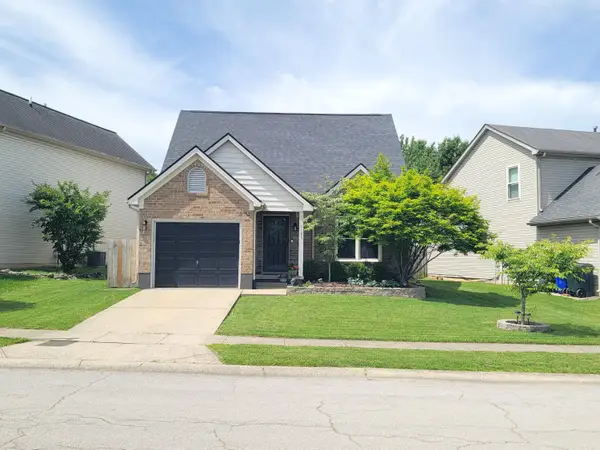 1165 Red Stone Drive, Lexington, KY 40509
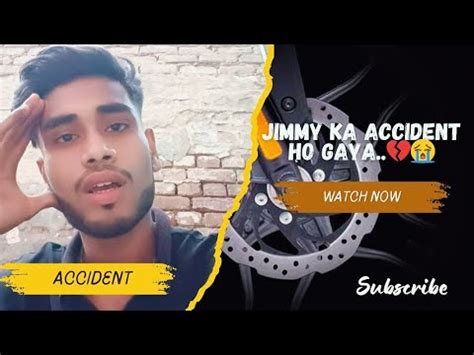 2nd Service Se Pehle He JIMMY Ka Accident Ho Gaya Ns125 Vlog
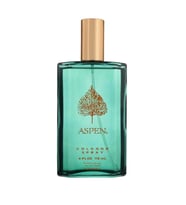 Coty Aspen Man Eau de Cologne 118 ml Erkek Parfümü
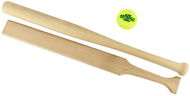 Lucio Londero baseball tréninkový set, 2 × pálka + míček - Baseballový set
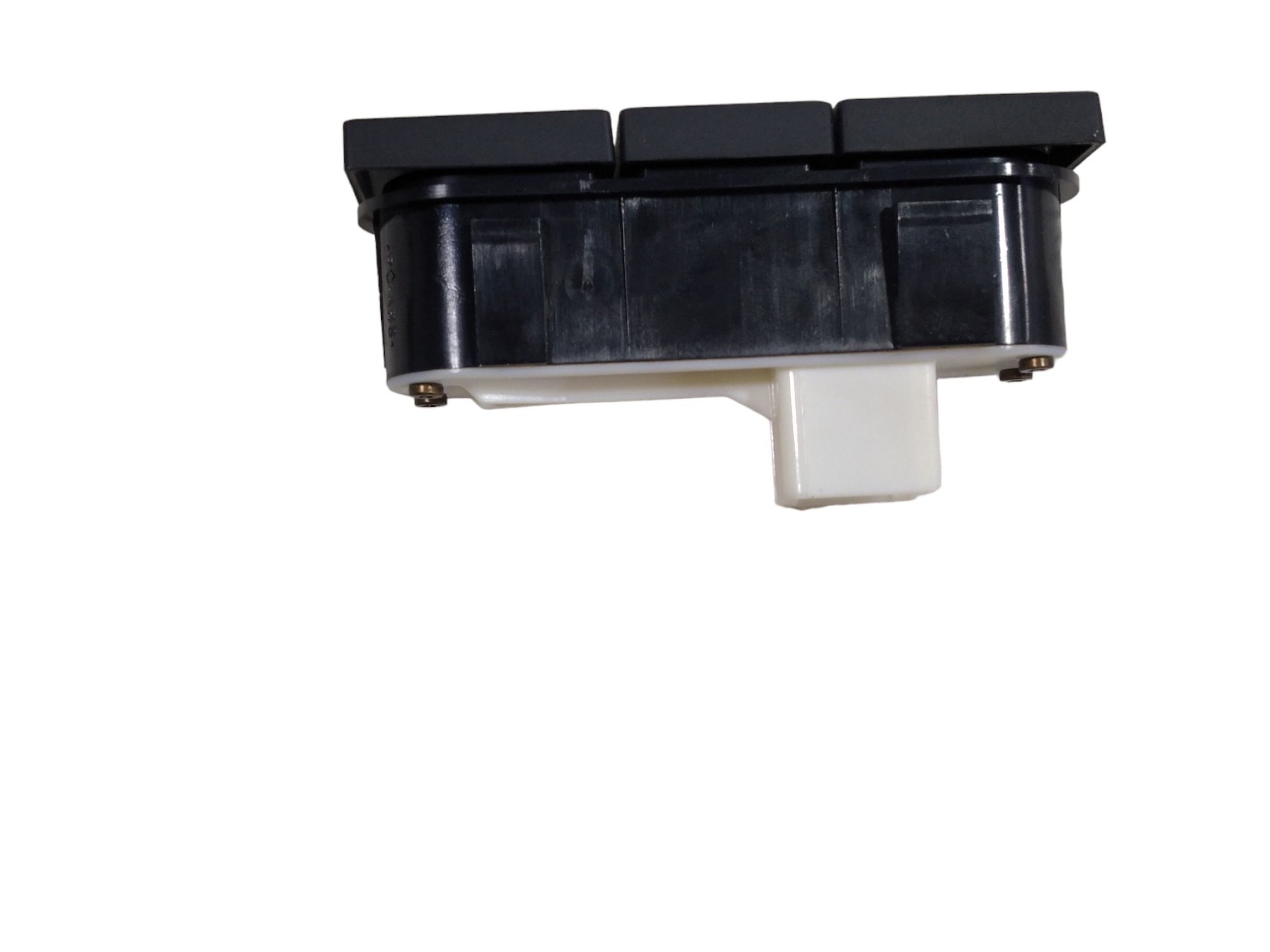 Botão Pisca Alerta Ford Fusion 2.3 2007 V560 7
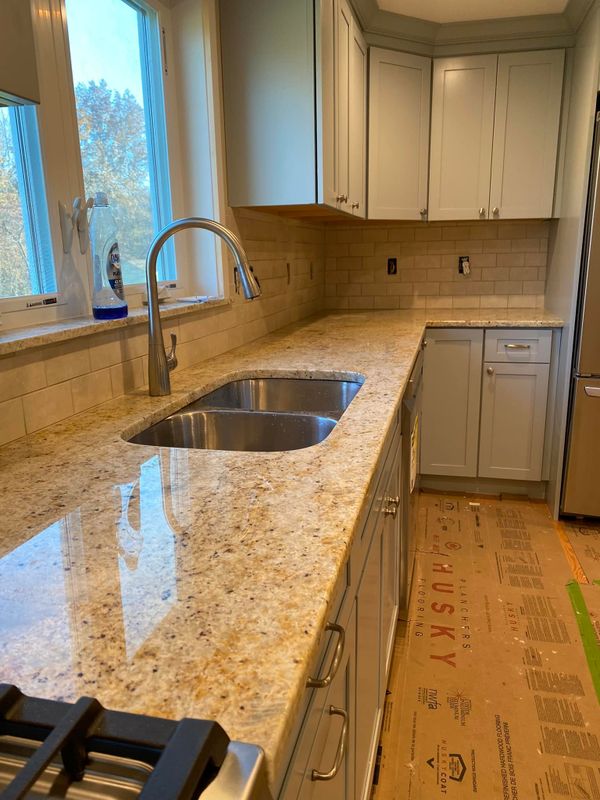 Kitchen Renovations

•••••

What this task involves
A faithful copy of all the records is required, with the pictures left out.

Answer for the task
 1165 Red Stone Drive, Lexington, KY 40509
 2nd Service Se Pehle He JIMMY Ka Accident Ho Gaya Ns125 Vlog
 Coty Aspen Man Eau de Cologne 118 ml Erkek Parfümü
 Lucio Londero baseball tréninkový set, 2 × pálka + míček - Baseballový set
 Botão Pisca Alerta Ford Fusion 2.3 2007 V560 7
 Kitchen Renovations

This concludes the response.